[RFC,net,v2,1/2] net/smc: Resolve the race between link group access and termination

We encountered some crashes caused by the race between the access
and the termination of link groups.

Here are some of panic stacks we met:

1) Race between smc_clc_wait_msg() and __smc_lgr_terminate()

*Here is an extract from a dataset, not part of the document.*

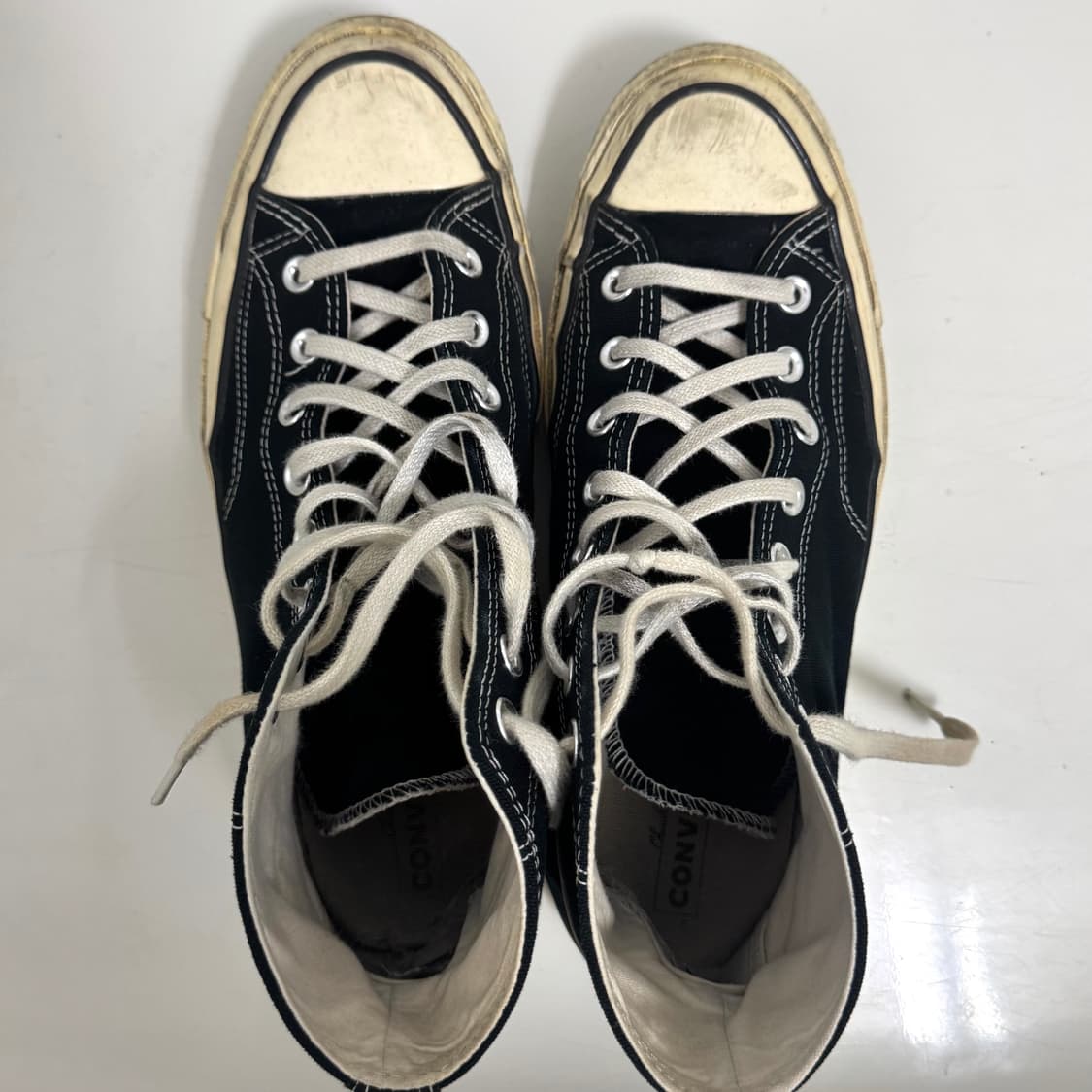 컨버스 척 70 하이 블랙 상품이미지2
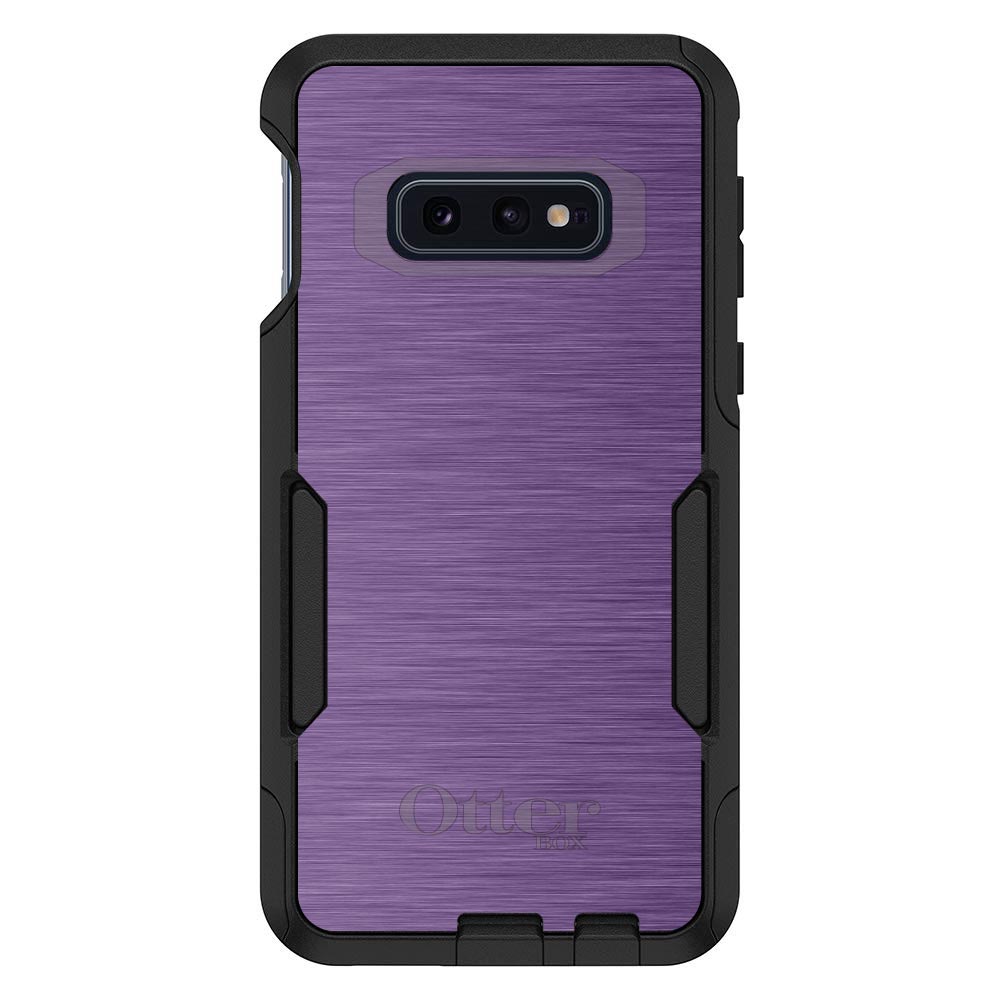 OtterBox Commuter para Galaxy S (elige modelo) estampado de acero inoxidable púrpura - Imagen 10 de 13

 BUG: kernel NULL pointer dereference, address: 00000000000002f0
 Workqueue: smc_hs_wq smc_listen_work [smc]
 RIP: 0010:smc_clc_wait_msg+0x3eb/0x5c0 [smc]
 Call Trace:
  <TASK>
  ? smc_clc_send_accept+0x45/0xa0 [smc]
  ? smc_clc_send_accept+0x45/0xa0 [smc]
  smc_listen_work+0x783/0x1220 [smc]
  ? finish_task_switch+0xc4/0x2e0
  ? process_one_work+0x1ad/0x3c0
  process_one_work+0x1ad/0x3c0
  worker_thread+0x4c/0x390
  ? rescuer_thread+0x320/0x320
  kthread+0x149/0x190
  ? set_kthread_struct+0x40/0x40
  ret_from_fork+0x1f/0x30
  </TASK>

smc_listen_work()                abnormal case like port error
---------------------------------------------------------------
                                | __smc_lgr_terminate()
                                |     |- smc_conn_kill()
                                |            |- smc_lgr_unregister_conn()
                                |                   |- set conn->lgr = NULL
smc_clc_wait_msg()              |
    |- access conn->lgr (panic) |

2) Race between smc_setsockopt() and __smc_lgr_terminate()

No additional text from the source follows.